11. Legend. The Grantee understands and agrees that the Company shall cause the
legend set forth below or a legend substantially equivalent thereto, to be
placed upon any certificate(s) evidencing ownership of the Shares together with
any other legends that may be required by the Company or by state or federal
securities laws:

THE TRANSFERABILITY OF THIS CERTIFICATE AND THE SHARES OF STOCK REPRESENTED
HEREBY ARE SUBJECT TO THE TERMS AND CONDITIONS (INCLUDING FORFEITURE) OF THE
COMPANY’S AMENDED AND RESTATED 2013 LONG-TERM INCENTIVE PLAN AND A
PERFORMANCE-BASED RESTRICTED STOCK AWARD AGREEMENT ENTERED INTO BETWEEN THE
REGISTERED OWNER AND WEST CORPORATION. COPIES OF SUCH PLAN AND AGREEMENT ARE ON
FILE IN THE OFFICES OF WEST CORPORATION.

12. Dividends; Voting etc. The Grantee shall be entitled to (i) receive any and
all dividends or other distributions paid with respect to those vested Shares of
which the Grantee is the record owner on the record date for such dividend or
other distribution, and (ii) vote any vested or unvested Shares of which the
Grantee is the record owner on the record date for such vote. Pursuant to
Section 3.2(d) of the Plan, any and all dividends or other distributions paid
with respect to an unvested Share (the “Associated Share”) acquired hereunder,
including without limitation, regular or extraordinary cash dividends, any
distribution of Stock by reason of a stock dividend, stock split or otherwise,
or a distribution of other securities with respect to an Associated Share, shall
be subject to the restrictions of this Agreement in the same manner and for so
long as the Associated Share remains subject to such restrictions, and shall be
promptly forfeited if and when the Associated Share is so forfeited. Any amount
maintained by the Company or otherwise made subject to such restrictions shall
be paid to the Grantee promptly upon the vesting, if any, of the Associated
Shares. References in this Agreement to the Shares shall refer, mutatis
mutandis, to any such restricted amounts.

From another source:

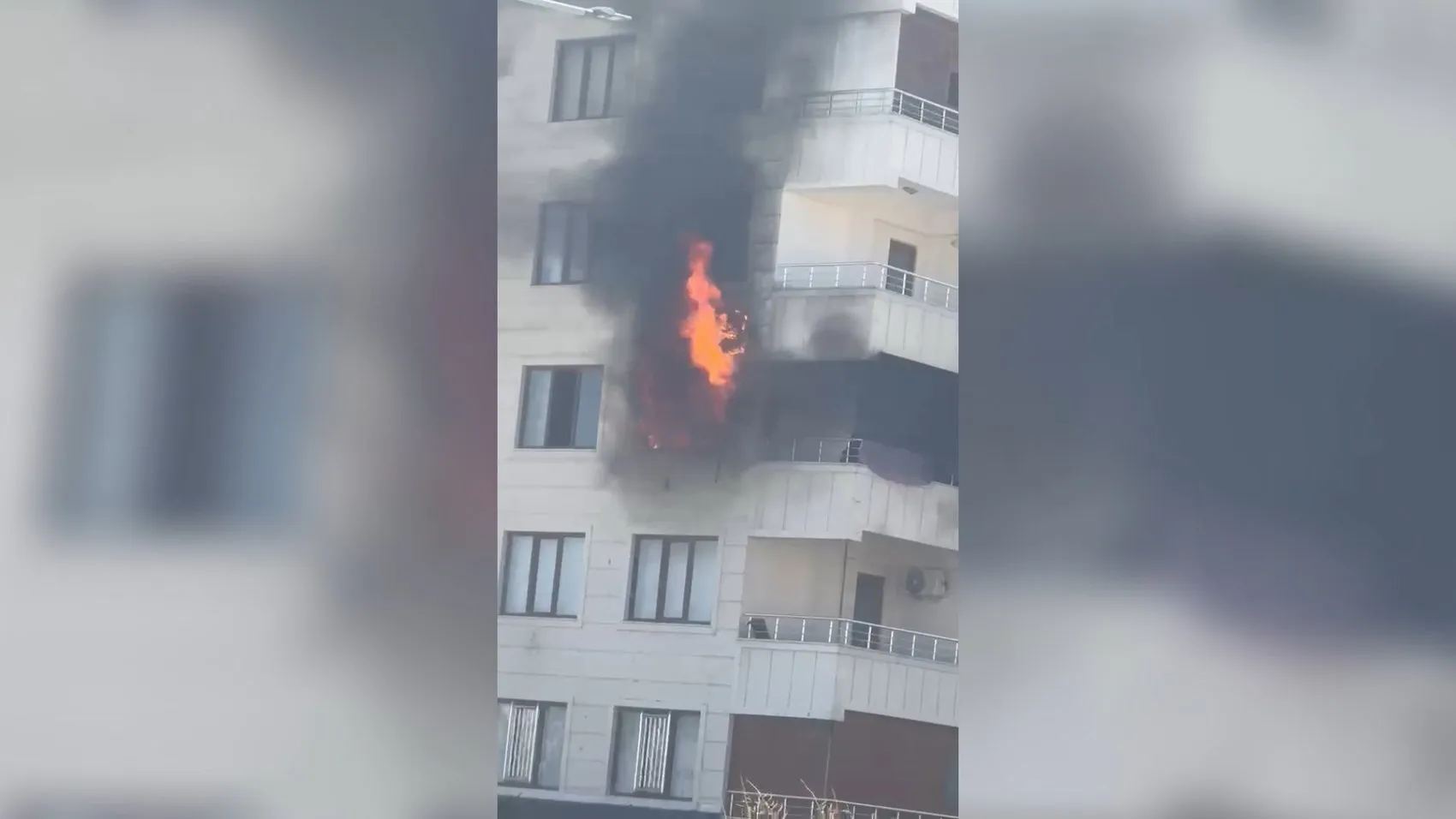 Şanlıurfa'da sekiz katlı binada korkutan yangın paniği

13. Sale of Vested Shares. The Grantee understands that the sale of any Share,
once it has vested, will remain subject to (i) the completion of any
administrative steps (for example, but without limitation, the transfer of
certificates) that the Company may reasonably impose; and (ii) applicable
requirements of federal and state securities laws.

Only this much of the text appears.